Por Christopher Shaw

El capítulo 20 de Jeremías registra uno de los puntos más bajos en la trayectoria del profeta. No es que hubiera sido sorprendido por el pecado, ni que hubiera tomado una decisión errada. Más bien, había caído en un momento de depresión en el que deseaba, de todo corazón, acabar, de una vez por todas, con el tormento que significaba para él su ministerio. Este tipo de «bajón» es común en los que hemos sido llamados a servir como líderes entre el pueblo de Dios, y todo líder va a experimentar al menos una vez en la vida el deseo de dejarlo todo.

Las palabras de Jeremías nos proveen una interesante perspectiva sobre el origen del verdadero liderazgo en la Biblia. El líder eficaz rara vez busca ser líder. Al contrario, la mayoría se resistió al llamado que Dios trajo a sus vidas. Hubieran preferido encontrarse en otro lugar, realizando otra tarea diferente a la que el Señor les proponía. Moisés argumentó largo y tendido con Jehová, buscando la forma de convencerlo de que él no era la persona indicada para ir a hablar con el faraón. Gedeón se demoró, con varias «pruebas», a aceptar el encargo que el ángel de Dios le había traído. David estaba enteramente ocupado en cuidar las ovejas de su padre cuando llegó Samuel a ungirlo como rey. Jeremías, como bien dice el texto de hoy, fue seducido por el Señor. No se entregó fácilmente, pero el Señor fue más fuerte que él y el profeta acabó vencido. En resumen, estos hombres llegaron a ser líderes a pesar de sí mismos.

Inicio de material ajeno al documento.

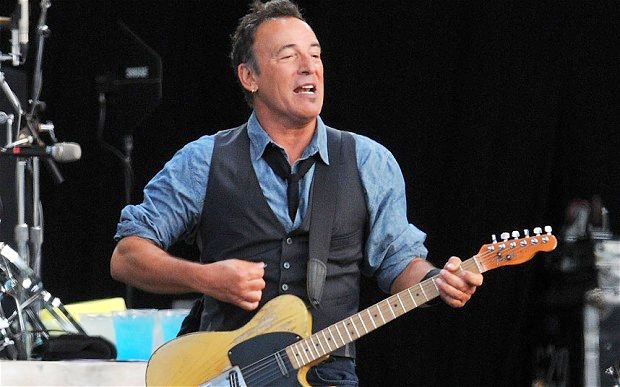 Bruce Springsteen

La trayectoria recorrida por estos líderes marca claramente una diferencia con el liderazgo que resulta de la ambición personal. Cuántas veces he escuchado a personas, inquietas y quejosas, que revelan lo mal que están en la congregación porque ellos «están para cosas más grandes». La trayectoria de sus ministerios es una interminable historia de lamentos por las oportunidades que, supuestamente, otros no les dan. No obstante, el líder que ha alcanzado un alto nivel de eficacia en su ministerio ocupa un cargo que hubiera preferido no ocupar.

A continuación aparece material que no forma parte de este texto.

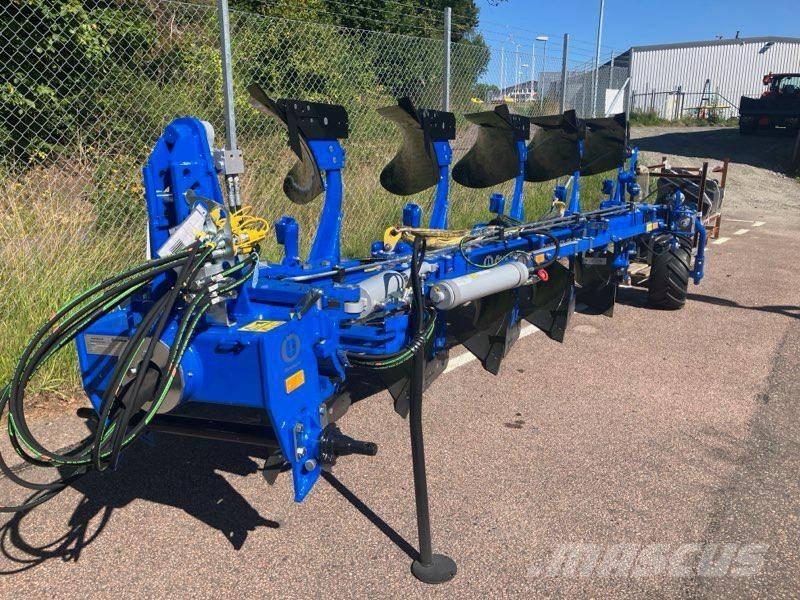 Överum Vf-CXP5975 Váltvaforgató ekék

Esta verdad fue clara para mí hace unos años cuando entré en contacto con una congregación que había perdido a su pastor. La congregación tenía formado un buen grupo de ancianos, pero cuando comenzaron a deliberar sobre un posible sucesor se libró una verdadera batalla campal. La ambición de la mayoría de estos hombres neutralizó sus ministerios y hundió a la iglesia en una profunda crisis. Lo interesante del caso es que la única persona dentro del grupo de ancianos que no deseaba ocupar ese puesto ¡era la que la iglesia deseaba como su pastor!

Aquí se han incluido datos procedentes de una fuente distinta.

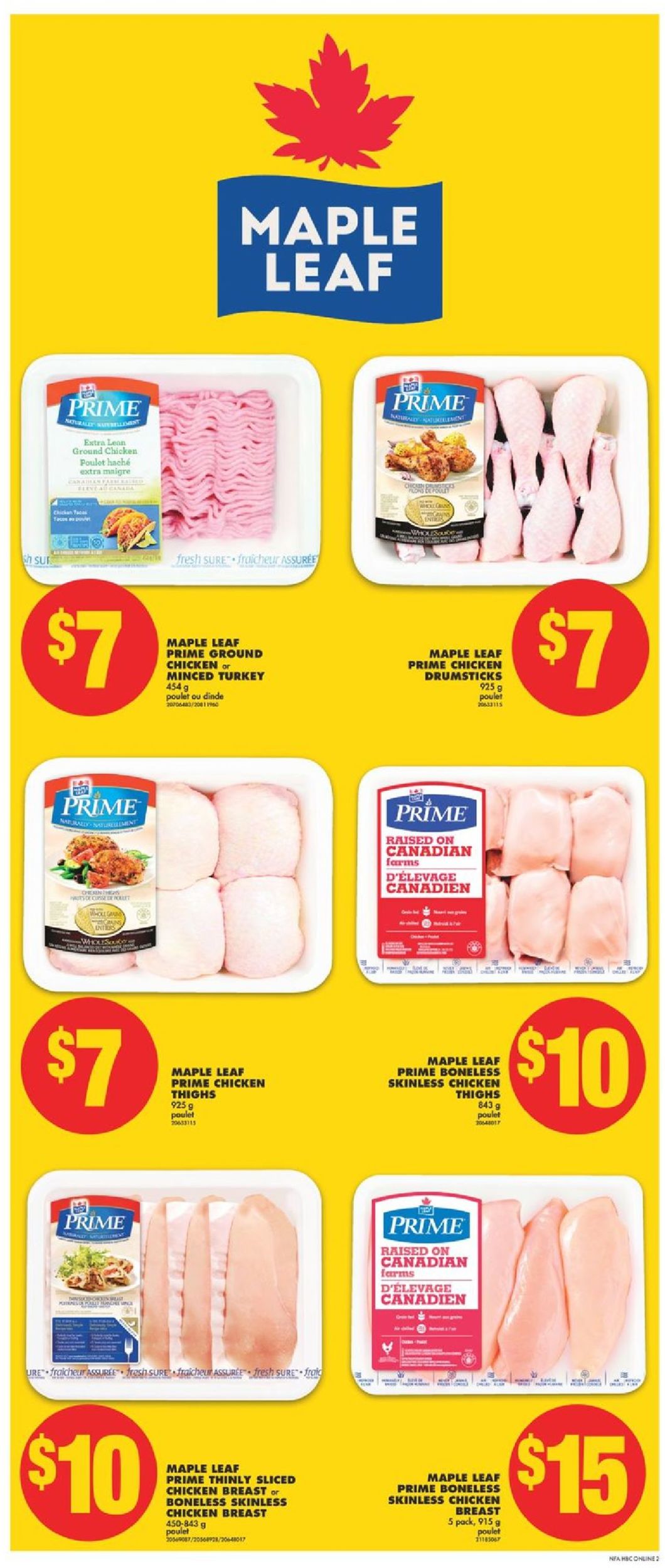 No Frills Flyer - 05/09-05/15/2019 (Page 5)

Así son las cosas en el reino. Los que quieren no son tomados en cuenta, y los que no quieren son llamados. Es la manera más eficaz del Señor para que el ministerio no sea impulsado por la ambición de sus hijos, sino por el sentido de llamado que él nos hace.

Para pensar:

«El verdadero líder es el que no tiene deseos de liderar, sino que se ha visto obligado a asumir el rol de líder por la presión del Espíritu y la urgencia de la situación». A. W. Tozer.